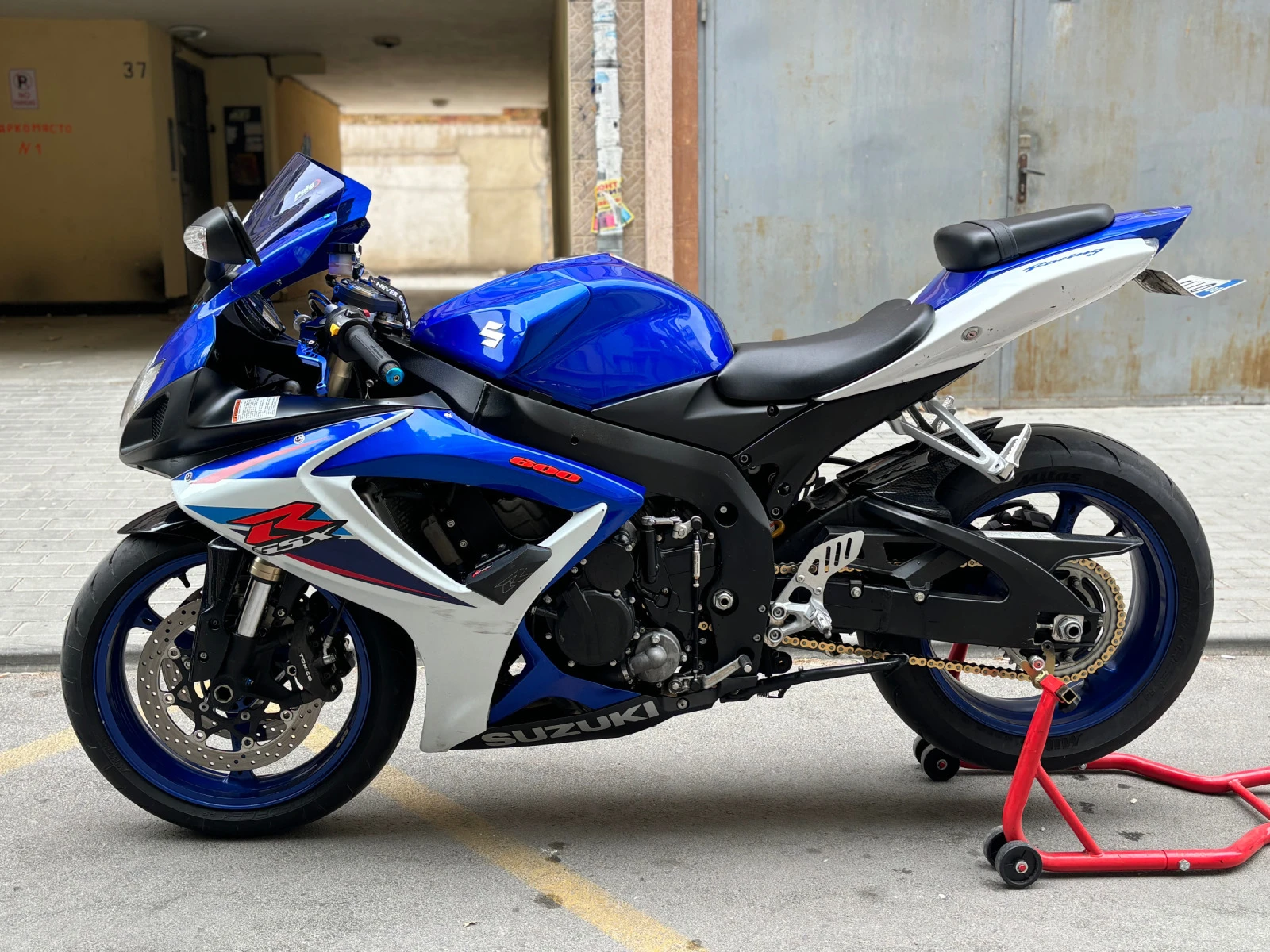 Suzuki Gsxr 600 - изображение 8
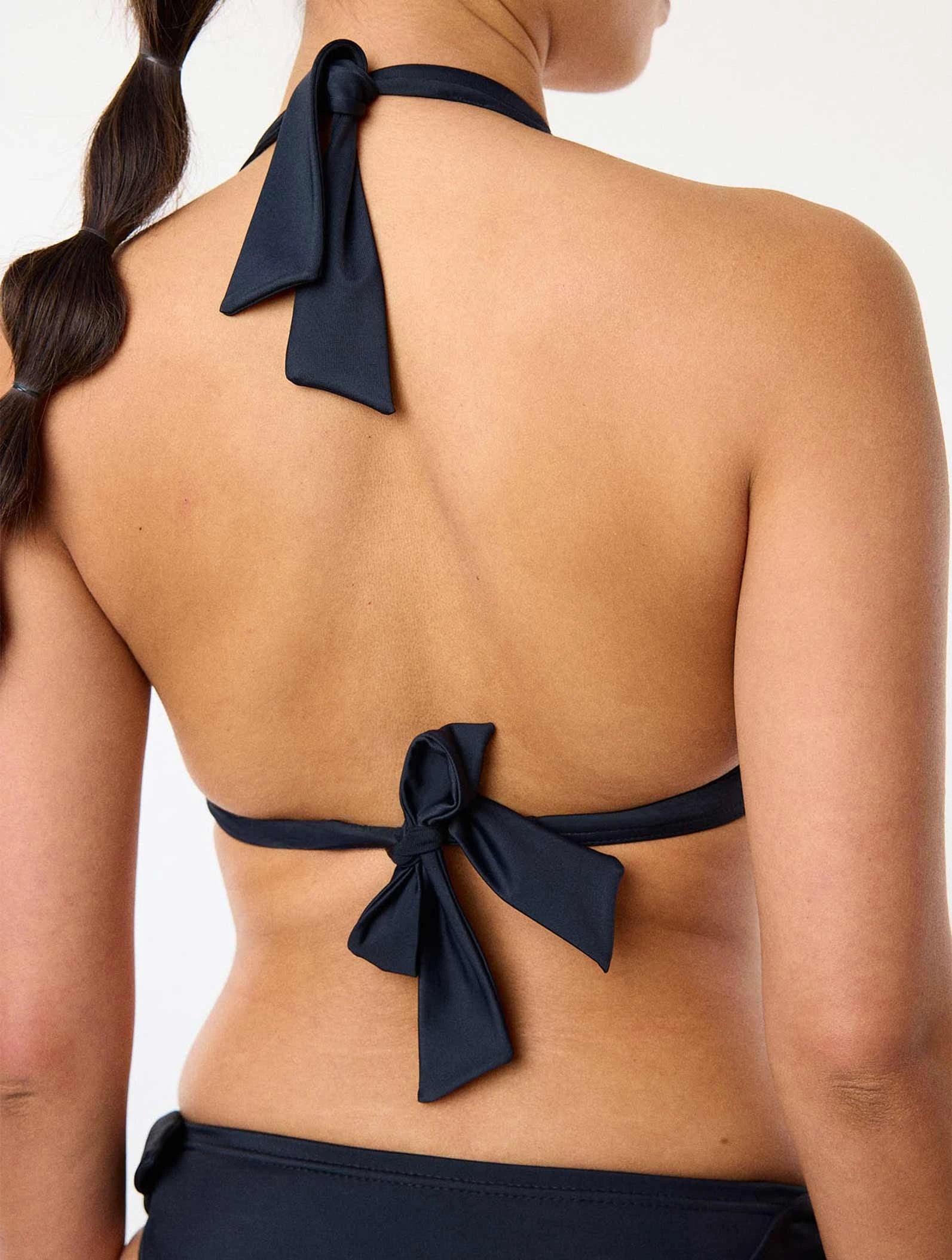 mannequin-dos-haut-maillot-bain-doris-noir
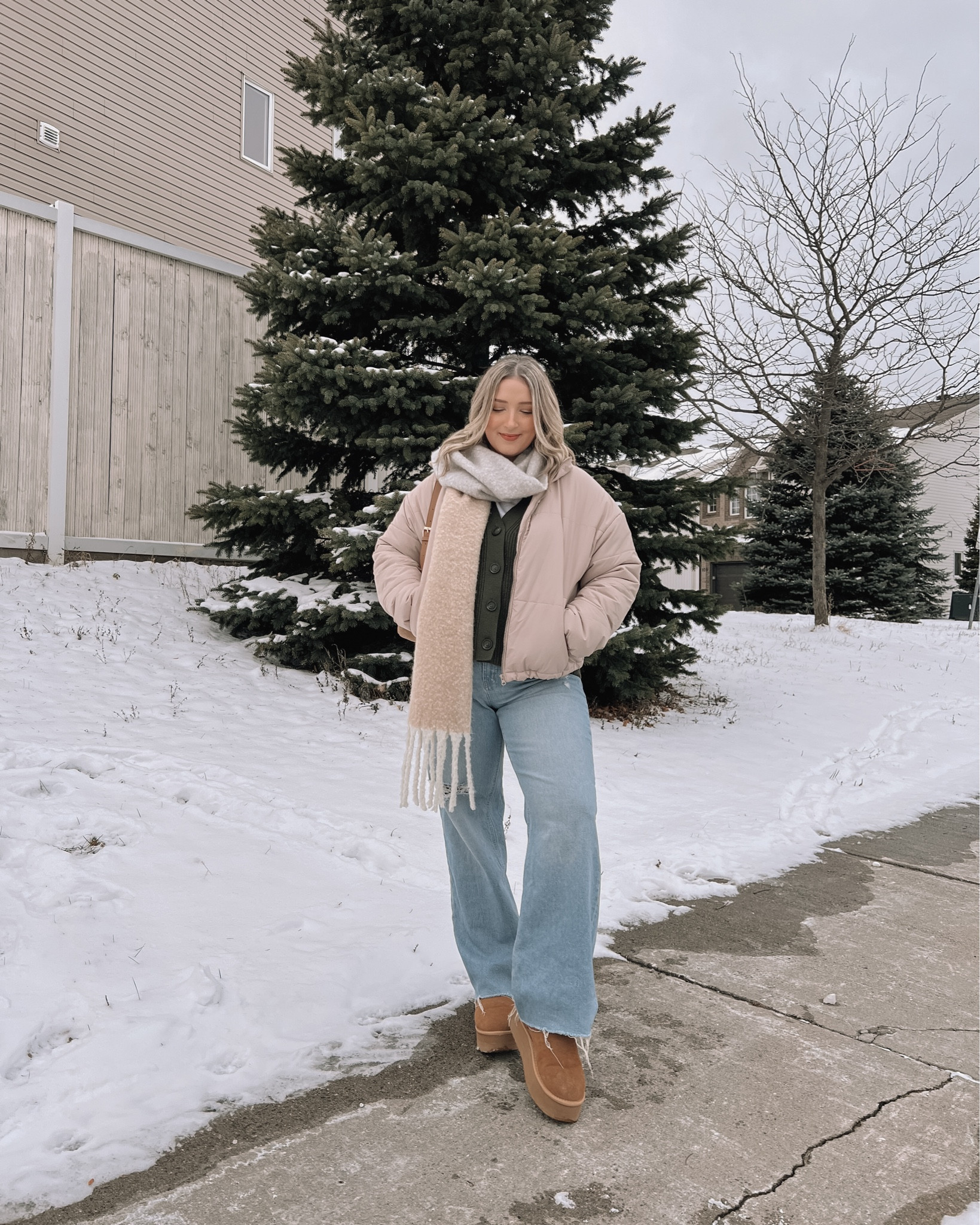 Casual winter outfit - wearing my usual size L in the beige Amazon puffer jacket and the green cardigan. Wearing 12 in the baggy wide leg jeans. My Ugg ultra mini look for less boots are from Amazon & holding up so well. I’m usually a 9.5-10 and wear a 10 in these.


#LTKwinter #LTKstyletip #LTKmidsize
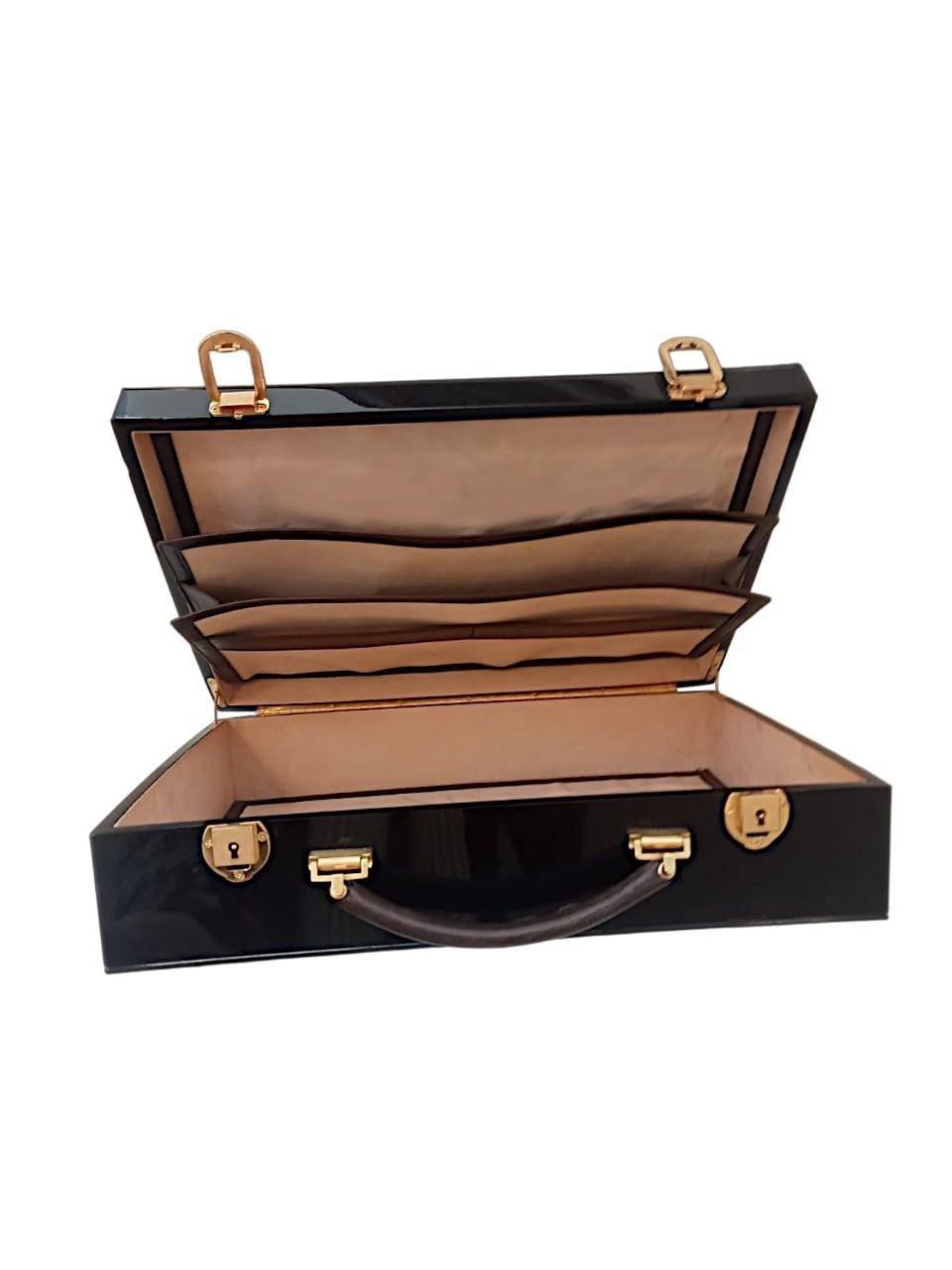 Elegante Vintage-Koffer aus Schildkrötenpanzerharz, 19. Jahrhundert. im Angebot 2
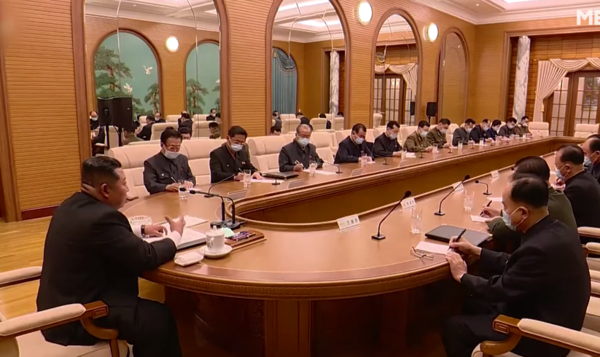 김정은 국무위원장이 12일 북한 조선노동당 중앙위원회 제8기 정치국회의에 참석했다. (사진=MBN 캡처)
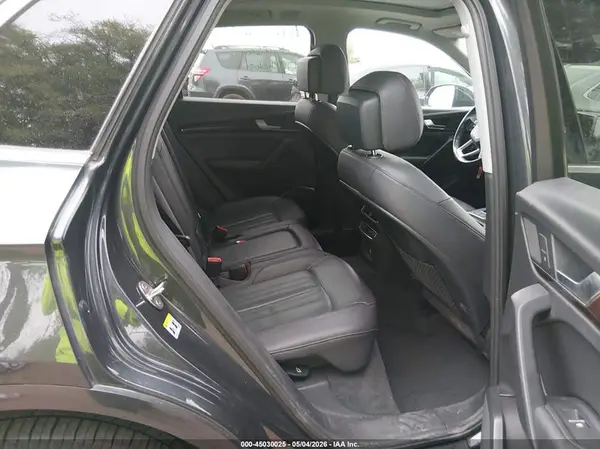 WA1BNAFY8J2213033 2018 AUDI Q5 - Image 8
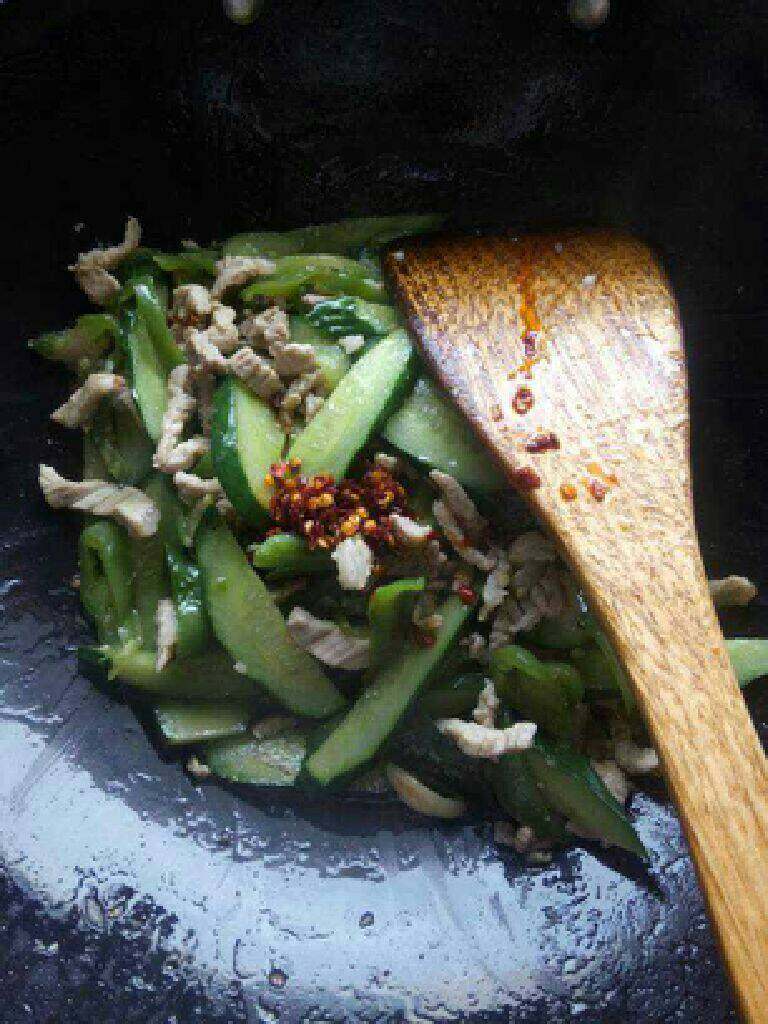 青椒黄瓜炒肉,起锅前放点辣椒粉鸡精即可。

> [Work item]: Once the pictures are set aside, repeat the data above exactly as written.

> [Response for this exercise]:
 Suzuki Gsxr 600 - изображение 8
 mannequin-dos-haut-maillot-bain-doris-noir
 Casual winter outfit - wearing my usual size L in the beige Amazon puffer jacket and the green cardigan. Wearing 12 in the baggy wide leg jeans. My Ugg ultra mini look for less boots are from Amazon & holding up so well. I’m usually a 9.5-10 and wear a 10 in these.


#LTKwinter #LTKstyletip #LTKmidsize
 Elegante Vintage-Koffer aus Schildkrötenpanzerharz, 19. Jahrhundert. im Angebot 2
 김정은 국무위원장이 12일 북한 조선노동당 중앙위원회 제8기 정치국회의에 참석했다. (사진=MBN 캡처)
 WA1BNAFY8J2213033 2018 AUDI Q5 - Image 8
 青椒黄瓜炒肉,起锅前放点辣椒粉鸡精即可。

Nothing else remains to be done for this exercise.